Uniondale High School

Uniondale High School Credit: Newsday/Steve Pfost

The Uniondale school district did not follow through on state officials’ recommendations to purge thousands of unneeded computer network accounts, and as a result it put sensitive information at risk, state comptroller Thomas DiNapoli said in a new report.

The report did not find that hackers actually gained access to data in the district's computer system.

However, the district failed to disable nearly 3,500 unneeded accounts, including many for former employees, and it also did not evaluate all accounts to determine whether they are still necessary, despite a 2023 report by the state comptroller’s office urging it to take those precautions, the office said in a report released last month. The unneeded accounts included 12 that had administrative permissions, the comptroller’s office said.

As a result, the district had "increased risk of unauthorized access to and use of the network and potential loss of important data," Elizabeth Ryba, director of municipal audits for the comptroller’s office, said in an interview.

The new findings are based on a review that took place in October, two years after a 2023 report by the comptroller’s office recommending the increased restrictions, the comptroller’s office said. The district had explained to the comptroller’s office at the time that it transferred information to a new system and had been "playing catch-up to reconcile legacy accounts," the report stated.

Monique Darrisaw-Akil, superintendent of Uniondale schools, said Tuesday that the district has now addressed all of the recommendations the comptroller’s office made in 2023.

"There are now written procedures in place for granting, changing and disabling non-student network user account access, and the technology team follows a strict schedule for reviewing this data," she said in a statement. A new system "now automates account onboarding and offboarding for staff," and old, unnecessary accounts "have been purged," she said.

Cyberattack risk

The review in October found that the district had "partially implemented" some of the recommendations the comptroller’s office made in 2023, such as developing written procedures for granting and disabling network access and disabling certain accounts after a period of inactivity, the new report shows.

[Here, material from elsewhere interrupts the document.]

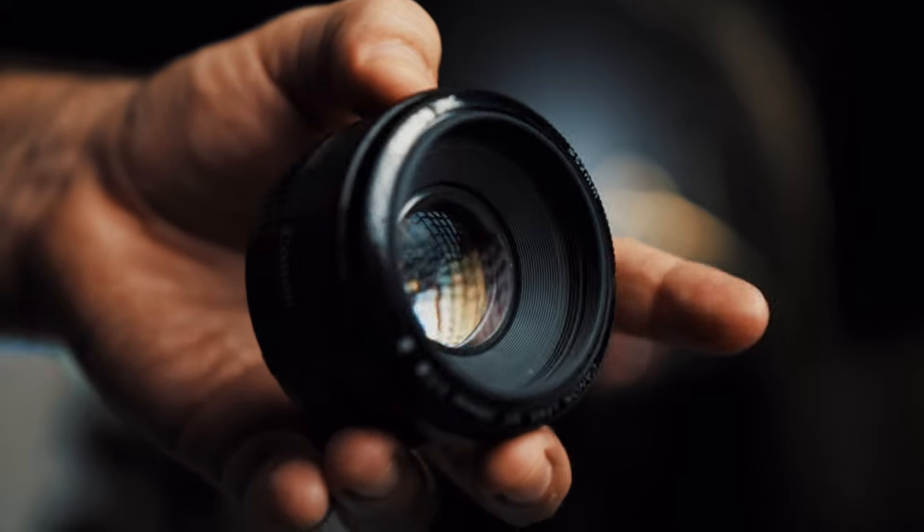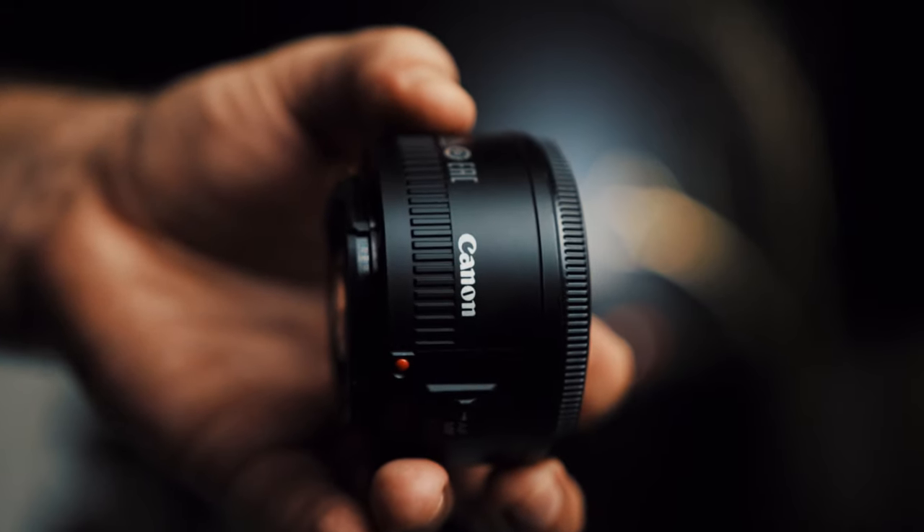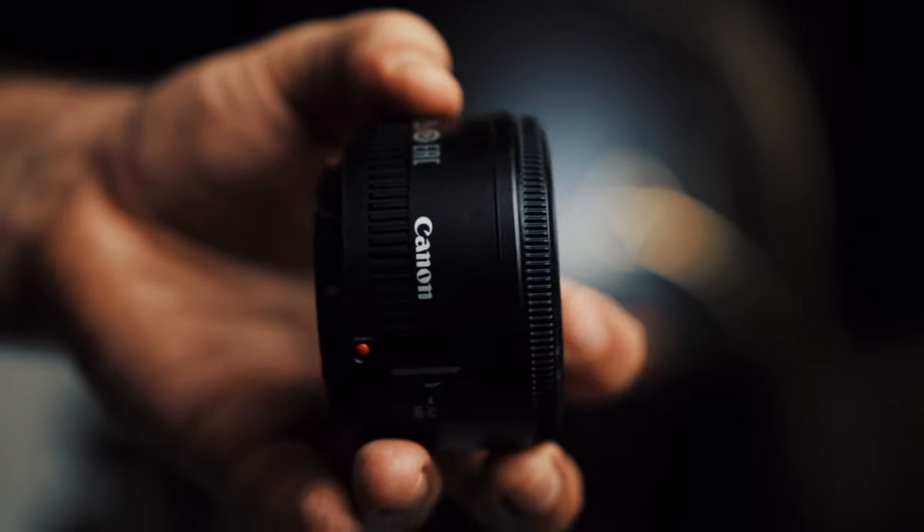I'm going to give my recommendations for a few notable EF lenses across various budgets and focal lengths. The first is extremely budget-friendly at only $125, and the 50mm focal length is extremely versatile — I'm talking about the 50mm f/1.8, also known as the Nifty 50. It may not be the sharpest lens in the world, but for filmmaking you often don't want that clinically sharp look anyway. Paired with the speed booster, you get right around 50mm.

It is important for school districts and other government agencies to protect against hacking, which can lead to financial losses and exposure of sensitive information, officials with the comptroller’s office said.

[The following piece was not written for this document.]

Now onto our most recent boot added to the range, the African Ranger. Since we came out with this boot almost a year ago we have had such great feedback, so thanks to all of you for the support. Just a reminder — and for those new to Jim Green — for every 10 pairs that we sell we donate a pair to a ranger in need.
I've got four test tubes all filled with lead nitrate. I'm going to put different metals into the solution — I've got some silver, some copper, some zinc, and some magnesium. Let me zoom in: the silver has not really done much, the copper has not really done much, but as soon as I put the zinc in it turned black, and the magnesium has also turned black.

Several Long Island school districts have faced cyberattacks in recent years, said Bob Vecchio, executive director of the Nassau-Suffolk School Boards Association. In 2019, the Rockville Centre district paid nearly $100,000, covered by insurance, to restore data after a ransomware virus encrypted files in several New York districts. 

"Cybersecurity has been of growing importance over the last decade," Vecchio said. 

Nick Nikiforakis, an associate professor of computer science at Stony Brook University, said in an interview that organizations should disable accounts that are no longer needed, especially administrative accounts with greater privileges.

Some organizations set up systems that automatically revoke a former employee's access while forwarding their emails to a new account that continues to be monitored, he said.

"If you have many more accounts than you need, each one of these accounts can be a point of entry for an attacker," he said. "If a home has one door that someone can use to gain access, you know you need to secure that one door. If a home has 21 doors, now suddenly you need to make sure that all 21 doors are properly locked."

 Without adequate protections, he said, "you are increasing unnecessarily the attack surface of an organization."